= Voting trust =

A voting trust is an arrangement whereby the shares in a company of one or more shareholders and the voting rights attached thereto are legally transferred to a trustee, usually for a specified period of time (the "trust period"). In some voting trusts, the trustee may also be granted additional powers (such as to sell or redeem the shares). At the end of the trust period, the shares would ordinarily be re-transferred to the beneficiary, although in practice many voting trusts contain provisions for them to re-vested on the voting trusts with identical terms.

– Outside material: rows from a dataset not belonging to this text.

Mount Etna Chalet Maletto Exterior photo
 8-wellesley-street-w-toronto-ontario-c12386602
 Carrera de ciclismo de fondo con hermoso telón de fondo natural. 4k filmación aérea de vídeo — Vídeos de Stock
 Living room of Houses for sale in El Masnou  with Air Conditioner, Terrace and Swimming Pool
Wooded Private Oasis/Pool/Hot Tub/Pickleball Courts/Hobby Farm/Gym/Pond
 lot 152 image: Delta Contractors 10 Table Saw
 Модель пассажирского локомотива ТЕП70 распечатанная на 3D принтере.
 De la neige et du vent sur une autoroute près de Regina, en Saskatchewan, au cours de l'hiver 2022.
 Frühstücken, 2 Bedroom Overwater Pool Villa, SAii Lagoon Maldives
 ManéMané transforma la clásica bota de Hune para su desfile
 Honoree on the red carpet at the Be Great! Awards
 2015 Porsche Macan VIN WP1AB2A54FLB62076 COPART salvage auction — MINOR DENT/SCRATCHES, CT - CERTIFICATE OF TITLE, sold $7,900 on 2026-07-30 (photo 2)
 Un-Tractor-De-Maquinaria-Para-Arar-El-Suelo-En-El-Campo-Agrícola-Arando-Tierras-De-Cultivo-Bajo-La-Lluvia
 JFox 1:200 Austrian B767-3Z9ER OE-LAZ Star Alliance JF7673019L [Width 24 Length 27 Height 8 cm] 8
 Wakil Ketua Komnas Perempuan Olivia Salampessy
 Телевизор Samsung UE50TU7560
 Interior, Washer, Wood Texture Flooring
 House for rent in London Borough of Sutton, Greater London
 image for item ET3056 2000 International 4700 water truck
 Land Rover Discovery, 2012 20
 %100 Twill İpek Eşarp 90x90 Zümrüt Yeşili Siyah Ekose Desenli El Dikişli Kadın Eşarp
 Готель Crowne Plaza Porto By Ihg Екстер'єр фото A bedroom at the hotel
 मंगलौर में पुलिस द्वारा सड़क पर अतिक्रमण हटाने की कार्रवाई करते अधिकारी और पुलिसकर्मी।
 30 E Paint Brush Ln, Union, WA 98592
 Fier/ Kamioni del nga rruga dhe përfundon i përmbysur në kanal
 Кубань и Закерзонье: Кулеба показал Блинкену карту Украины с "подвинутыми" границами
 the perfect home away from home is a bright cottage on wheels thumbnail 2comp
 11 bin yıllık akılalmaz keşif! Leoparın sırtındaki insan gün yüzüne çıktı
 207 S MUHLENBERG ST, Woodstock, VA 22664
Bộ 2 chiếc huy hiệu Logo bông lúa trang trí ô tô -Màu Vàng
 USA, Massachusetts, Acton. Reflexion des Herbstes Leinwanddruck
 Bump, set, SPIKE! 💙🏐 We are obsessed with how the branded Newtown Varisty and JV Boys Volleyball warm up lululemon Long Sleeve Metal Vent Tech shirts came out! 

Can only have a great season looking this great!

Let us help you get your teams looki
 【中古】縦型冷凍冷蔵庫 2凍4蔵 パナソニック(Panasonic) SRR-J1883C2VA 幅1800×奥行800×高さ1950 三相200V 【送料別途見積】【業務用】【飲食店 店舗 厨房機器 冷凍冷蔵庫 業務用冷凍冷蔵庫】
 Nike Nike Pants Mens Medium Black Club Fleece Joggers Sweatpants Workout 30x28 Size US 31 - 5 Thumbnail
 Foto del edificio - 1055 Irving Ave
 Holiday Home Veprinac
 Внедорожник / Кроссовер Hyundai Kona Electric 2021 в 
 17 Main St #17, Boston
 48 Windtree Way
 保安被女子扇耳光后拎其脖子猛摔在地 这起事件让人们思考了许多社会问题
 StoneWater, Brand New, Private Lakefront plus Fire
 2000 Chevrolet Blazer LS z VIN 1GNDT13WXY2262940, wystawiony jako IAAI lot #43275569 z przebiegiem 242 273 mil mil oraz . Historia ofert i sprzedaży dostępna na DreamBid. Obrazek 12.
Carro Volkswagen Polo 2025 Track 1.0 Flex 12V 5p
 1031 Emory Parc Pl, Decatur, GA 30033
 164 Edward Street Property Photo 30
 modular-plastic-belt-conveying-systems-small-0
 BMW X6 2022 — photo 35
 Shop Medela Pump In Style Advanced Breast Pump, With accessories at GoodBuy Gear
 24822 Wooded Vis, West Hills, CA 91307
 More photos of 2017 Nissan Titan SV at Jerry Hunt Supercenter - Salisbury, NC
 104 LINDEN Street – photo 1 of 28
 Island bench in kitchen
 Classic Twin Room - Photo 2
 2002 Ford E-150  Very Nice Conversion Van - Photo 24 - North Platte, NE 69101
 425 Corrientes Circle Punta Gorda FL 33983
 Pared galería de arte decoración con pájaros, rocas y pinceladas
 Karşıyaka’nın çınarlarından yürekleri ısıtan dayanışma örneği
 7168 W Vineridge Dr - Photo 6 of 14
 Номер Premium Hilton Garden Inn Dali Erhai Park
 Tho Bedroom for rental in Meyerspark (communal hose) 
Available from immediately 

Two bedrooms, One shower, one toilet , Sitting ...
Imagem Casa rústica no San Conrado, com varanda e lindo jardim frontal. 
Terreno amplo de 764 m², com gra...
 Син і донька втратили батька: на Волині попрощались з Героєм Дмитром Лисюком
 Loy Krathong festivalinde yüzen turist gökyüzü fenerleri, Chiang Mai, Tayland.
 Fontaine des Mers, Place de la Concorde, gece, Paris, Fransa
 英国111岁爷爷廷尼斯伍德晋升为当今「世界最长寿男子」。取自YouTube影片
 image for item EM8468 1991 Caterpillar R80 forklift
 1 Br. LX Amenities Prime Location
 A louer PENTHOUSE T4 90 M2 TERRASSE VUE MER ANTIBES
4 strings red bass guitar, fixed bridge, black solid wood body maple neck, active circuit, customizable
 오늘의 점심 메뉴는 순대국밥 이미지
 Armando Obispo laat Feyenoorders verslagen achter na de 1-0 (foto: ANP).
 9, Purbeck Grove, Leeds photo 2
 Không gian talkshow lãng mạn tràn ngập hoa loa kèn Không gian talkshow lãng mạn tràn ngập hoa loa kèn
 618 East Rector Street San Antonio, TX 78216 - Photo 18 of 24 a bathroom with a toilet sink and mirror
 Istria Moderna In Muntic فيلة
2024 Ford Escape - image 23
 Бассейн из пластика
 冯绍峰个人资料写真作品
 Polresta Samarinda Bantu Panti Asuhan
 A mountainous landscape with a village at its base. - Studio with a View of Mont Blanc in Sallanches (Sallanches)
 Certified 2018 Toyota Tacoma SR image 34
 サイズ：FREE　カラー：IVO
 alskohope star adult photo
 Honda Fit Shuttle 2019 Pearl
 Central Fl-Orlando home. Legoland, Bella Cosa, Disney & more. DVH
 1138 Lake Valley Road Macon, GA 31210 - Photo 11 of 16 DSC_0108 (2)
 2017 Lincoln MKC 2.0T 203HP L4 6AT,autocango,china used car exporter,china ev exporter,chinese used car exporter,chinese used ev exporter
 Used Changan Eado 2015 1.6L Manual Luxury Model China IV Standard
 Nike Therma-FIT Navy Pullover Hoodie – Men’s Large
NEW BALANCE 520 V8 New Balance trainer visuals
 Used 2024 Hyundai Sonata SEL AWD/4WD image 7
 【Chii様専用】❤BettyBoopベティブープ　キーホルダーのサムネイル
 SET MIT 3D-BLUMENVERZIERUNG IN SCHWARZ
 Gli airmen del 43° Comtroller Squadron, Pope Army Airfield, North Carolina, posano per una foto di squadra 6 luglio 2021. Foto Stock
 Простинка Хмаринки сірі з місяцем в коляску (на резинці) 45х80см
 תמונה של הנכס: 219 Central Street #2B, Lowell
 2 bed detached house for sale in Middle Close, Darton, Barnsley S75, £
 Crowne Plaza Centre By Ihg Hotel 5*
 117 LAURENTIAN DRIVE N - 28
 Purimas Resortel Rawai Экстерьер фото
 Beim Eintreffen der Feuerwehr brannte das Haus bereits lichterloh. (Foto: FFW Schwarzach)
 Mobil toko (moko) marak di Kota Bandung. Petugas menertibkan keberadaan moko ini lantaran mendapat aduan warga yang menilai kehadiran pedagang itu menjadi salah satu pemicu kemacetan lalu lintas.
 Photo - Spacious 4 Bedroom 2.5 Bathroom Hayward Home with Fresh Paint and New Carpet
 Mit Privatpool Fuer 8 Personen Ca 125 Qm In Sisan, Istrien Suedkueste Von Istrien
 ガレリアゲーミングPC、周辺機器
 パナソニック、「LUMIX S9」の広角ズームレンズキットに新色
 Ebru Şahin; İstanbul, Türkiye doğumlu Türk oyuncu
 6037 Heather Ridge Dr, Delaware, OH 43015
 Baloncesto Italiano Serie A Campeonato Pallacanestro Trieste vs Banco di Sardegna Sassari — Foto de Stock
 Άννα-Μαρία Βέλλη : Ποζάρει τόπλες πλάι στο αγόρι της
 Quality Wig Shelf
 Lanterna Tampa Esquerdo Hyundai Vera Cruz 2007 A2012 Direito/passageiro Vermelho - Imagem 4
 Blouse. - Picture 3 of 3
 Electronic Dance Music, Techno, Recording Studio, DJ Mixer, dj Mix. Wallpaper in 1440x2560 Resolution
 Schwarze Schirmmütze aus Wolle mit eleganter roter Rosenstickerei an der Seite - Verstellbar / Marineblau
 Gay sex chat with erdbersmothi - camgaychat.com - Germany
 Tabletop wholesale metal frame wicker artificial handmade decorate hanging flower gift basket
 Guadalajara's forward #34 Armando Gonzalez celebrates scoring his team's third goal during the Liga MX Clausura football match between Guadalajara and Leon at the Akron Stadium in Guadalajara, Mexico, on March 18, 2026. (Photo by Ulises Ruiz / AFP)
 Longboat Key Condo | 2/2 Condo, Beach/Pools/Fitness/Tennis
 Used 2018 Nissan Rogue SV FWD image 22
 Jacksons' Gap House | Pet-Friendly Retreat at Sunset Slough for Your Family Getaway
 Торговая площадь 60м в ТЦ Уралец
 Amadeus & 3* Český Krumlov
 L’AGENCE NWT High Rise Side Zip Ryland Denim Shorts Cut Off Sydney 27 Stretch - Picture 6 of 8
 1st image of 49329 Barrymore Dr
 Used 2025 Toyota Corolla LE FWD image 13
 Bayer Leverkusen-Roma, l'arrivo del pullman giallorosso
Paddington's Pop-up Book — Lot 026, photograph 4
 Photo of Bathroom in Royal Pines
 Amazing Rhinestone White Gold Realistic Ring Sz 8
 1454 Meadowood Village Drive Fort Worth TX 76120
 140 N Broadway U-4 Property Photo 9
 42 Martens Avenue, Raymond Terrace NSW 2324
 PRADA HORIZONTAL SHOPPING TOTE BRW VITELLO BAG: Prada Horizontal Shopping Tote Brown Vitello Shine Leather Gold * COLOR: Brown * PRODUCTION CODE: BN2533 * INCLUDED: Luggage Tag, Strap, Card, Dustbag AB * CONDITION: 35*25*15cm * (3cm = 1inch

Voting trusts were made popular in Delaware corporate law, but they have since been adopted widely by other states in the United States. They have also been extensively adopted in offshore jurisdictions.

== Purposes ==
Some advantages to a voting trust include:
- Several shareholders may wish to create a unified block of votes, which together gives them more power than the collective sum of their fragmented interests.
- In many countries, to call general meetings, shareholders need to hold a certain percentage of the issued shares of the company. By aggregating their shares, the shareholders can confer this power on themselves collectively where they might not have it individually.
- Locking shares in voting trusts can, in some countries, help deter a hostile takeover.
- Voting trusts are sometimes used to resolve conflicts of interest. By putting the shares in a trustee who can vote them at arm's length from the beneficiary(ies) of the trust, this can in some circumstances mitigate or absolve the original shareholder from what might otherwise constitute a conflict of interest (although in practice, to resolve conflicts of interest the trust will ordinarily be ac"blind trust"; while all blind trusts are necessarily voting trusts, not all voting trusts are blind trusts).
- Shares are sometimes aggregated into a voting trust to facilitate a corporate reorganization.
- Promoters of companies sometimes aggregate their shares in a voting trust to safeguard control of the company.